Exercise description
Output exactly the lines of the listing below that run from the line with "Hitachi ZX 210 LC-7 Bagri goseničarji" through the line with "Bottes d'hiver noires". No pictures.

Top of Data for this exercise

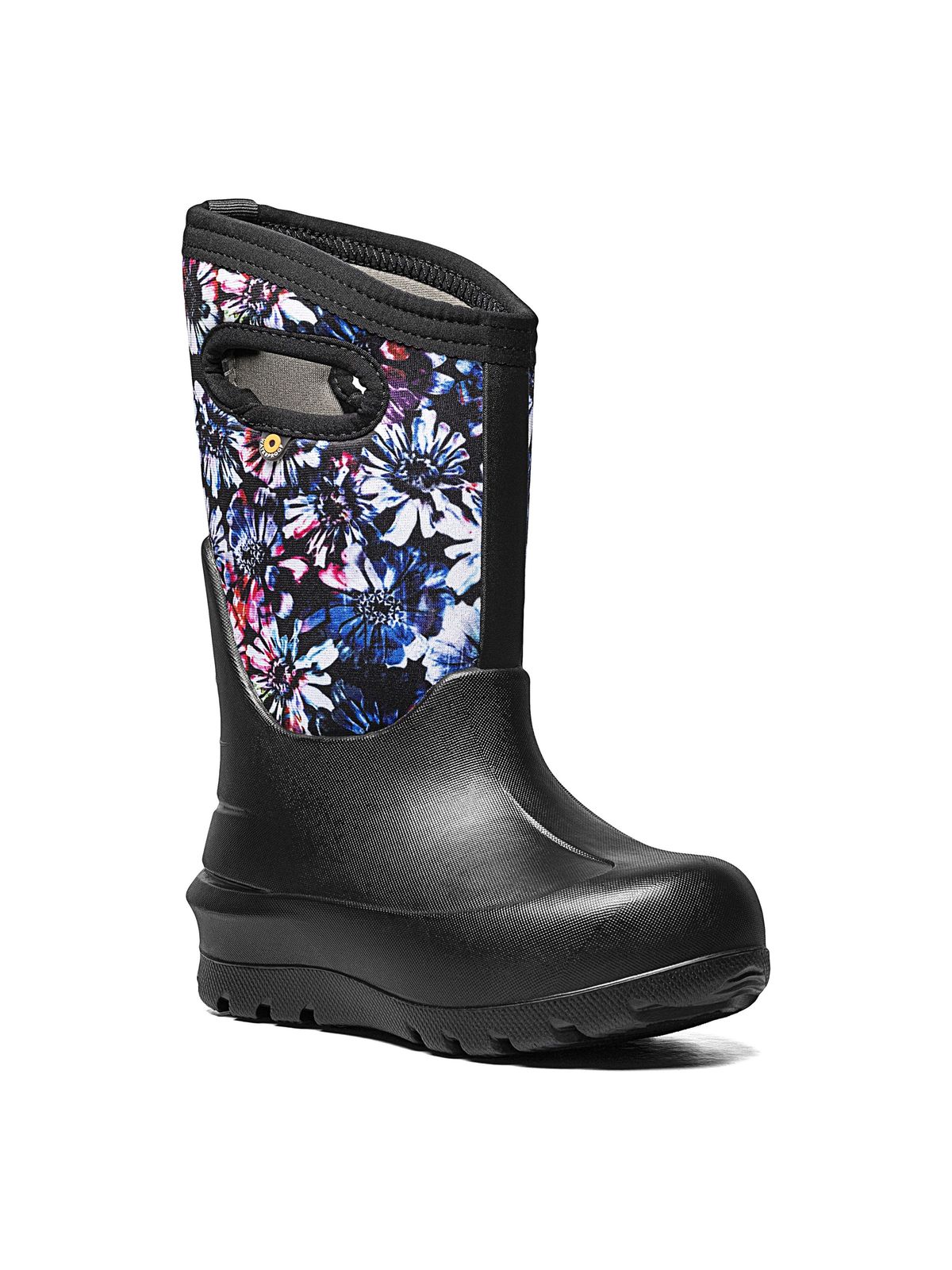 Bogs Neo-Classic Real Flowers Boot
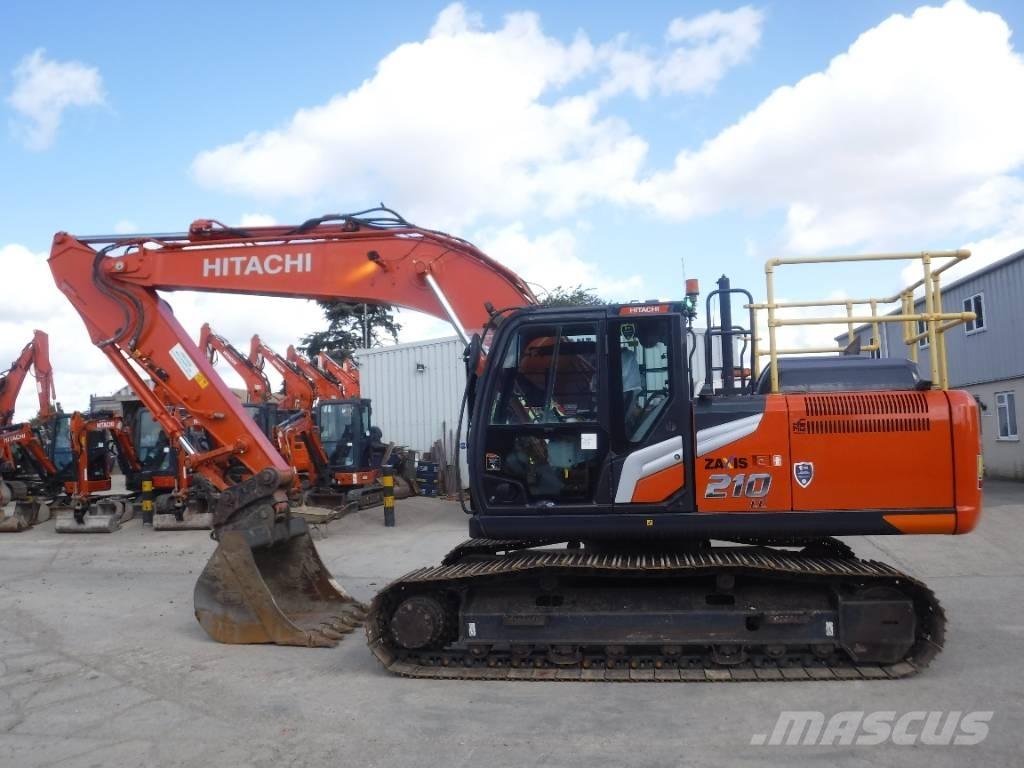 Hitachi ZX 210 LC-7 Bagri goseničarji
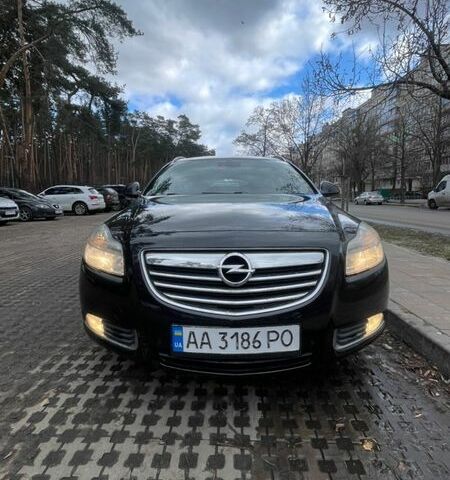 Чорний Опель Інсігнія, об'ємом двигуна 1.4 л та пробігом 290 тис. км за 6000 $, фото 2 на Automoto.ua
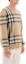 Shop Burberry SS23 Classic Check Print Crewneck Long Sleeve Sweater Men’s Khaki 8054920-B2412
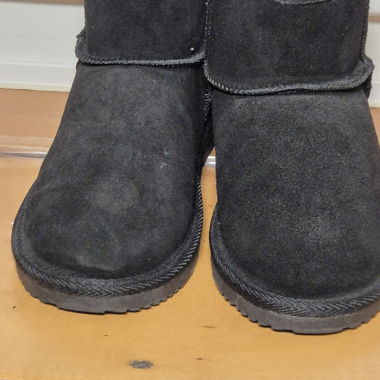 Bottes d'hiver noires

Bottom of Data for this exercise
Top of Data for this exercise

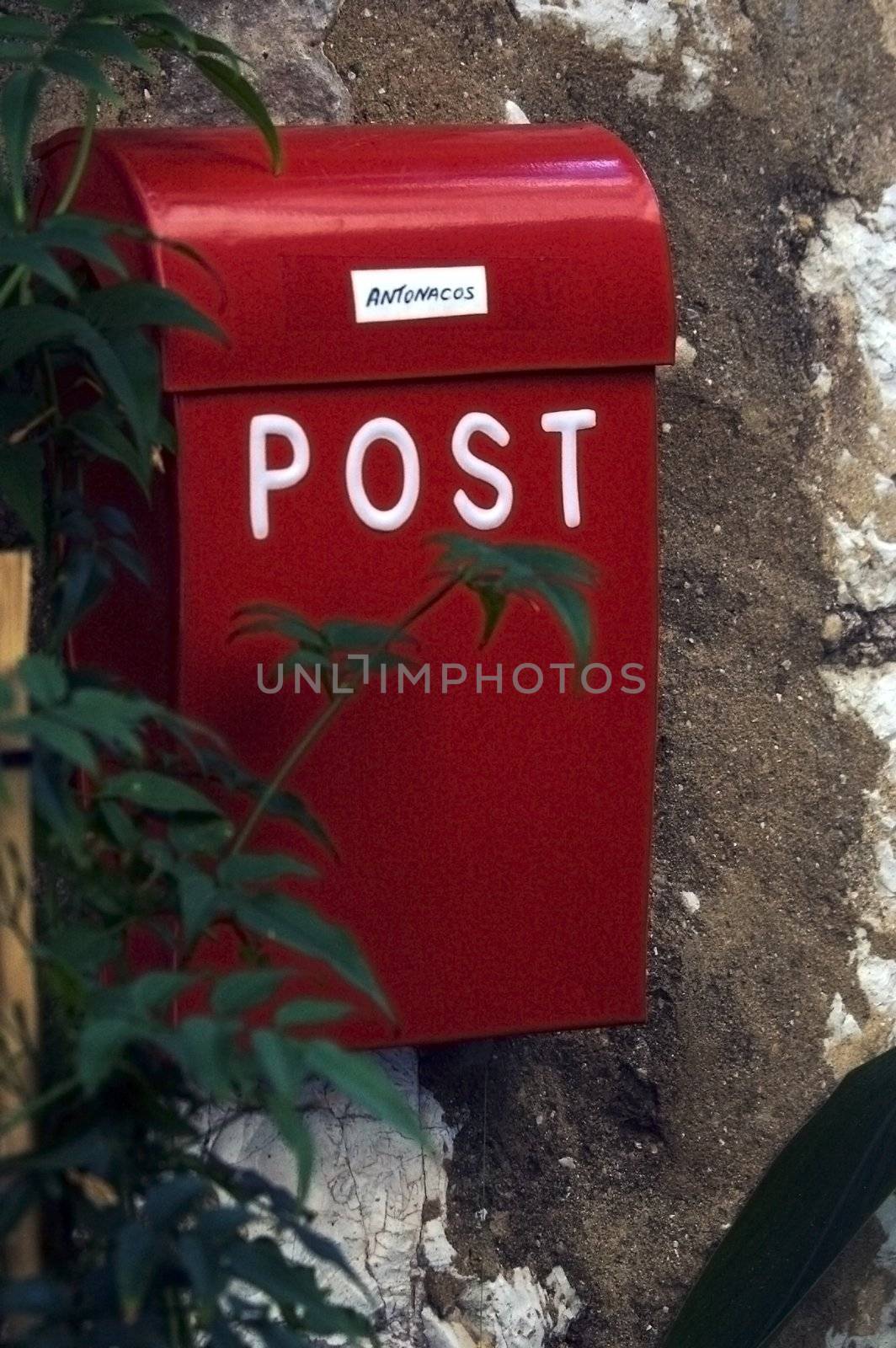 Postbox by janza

Bottom of Data for this exercise

Response to the task
 Hitachi ZX 210 LC-7 Bagri goseničarji
 Чорний Опель Інсігнія, об'ємом двигуна 1.4 л та пробігом 290 тис. км за 6000 $, фото 2 на Automoto.ua
 Shop Burberry SS23 Classic Check Print Crewneck Long Sleeve Sweater Men’s Khaki 8054920-B2412
 Bottes d'hiver noires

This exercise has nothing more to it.